As a measure of down Januarys to down years, it predicts the right direction only about half the time. So you might as well flip a coin. This is the main reason we previously dismissed it as a serious predictive tool.

But, the evidence is a little more compelling for Januarys in which the stock market goes up.

Since 1938, when the Dow Jones industrial average rose in January, the market rose three-quarters of the time (77%).  On the face of it, that's impressive.

But what if you wait to see if the January market goes up, then invest? Again, it's impressive. In the rest of the year after an up January, the market rises 70 percent of the time (70.3%).

Looks like a slam dunk. This year, January was the best January since Bill Clinton was in the White House.

The statistics clearly state the odds are in the investor’s favor. 

Hold on a minute! Compare the January Barometer to just any year for stocks. 

Seventy percent of the time (68.9% since 1938), the stock market has risen.

So following the January Barometer gives you an ever-so-modest edge.

But if you wait until January is over, the chance of an up year for the remaining 11 months is virtually even with what every year’s outcome is.

Aside from the January effect, there are good fundamental reasons to support an up year. Employment and the overall economy are on the rise. Corporate profits continue to march higher. The government seems to be making inroads on the nation’s historically high debt. The European financial crisis has calmed down considerably.
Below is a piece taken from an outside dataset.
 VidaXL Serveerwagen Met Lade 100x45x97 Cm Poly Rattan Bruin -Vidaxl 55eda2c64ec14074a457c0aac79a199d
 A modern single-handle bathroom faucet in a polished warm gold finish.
But face it, who buys stocks for a precise 11-month or 12-month period?

If it's your intent to gamble on short-term market swings, why wait for a whole year to elapse? 

Pick the market’s best three-month stretch – November, December and January. On average, those three months generate a gain of more than 4 percent. That’s about half of a year’s normal return.  

Or try this. If roughly three-quarter’s of the time the market goes up, don’t try to miss the bad periods.  Stick to the buy-and-hold policy and count on excellent returns over time.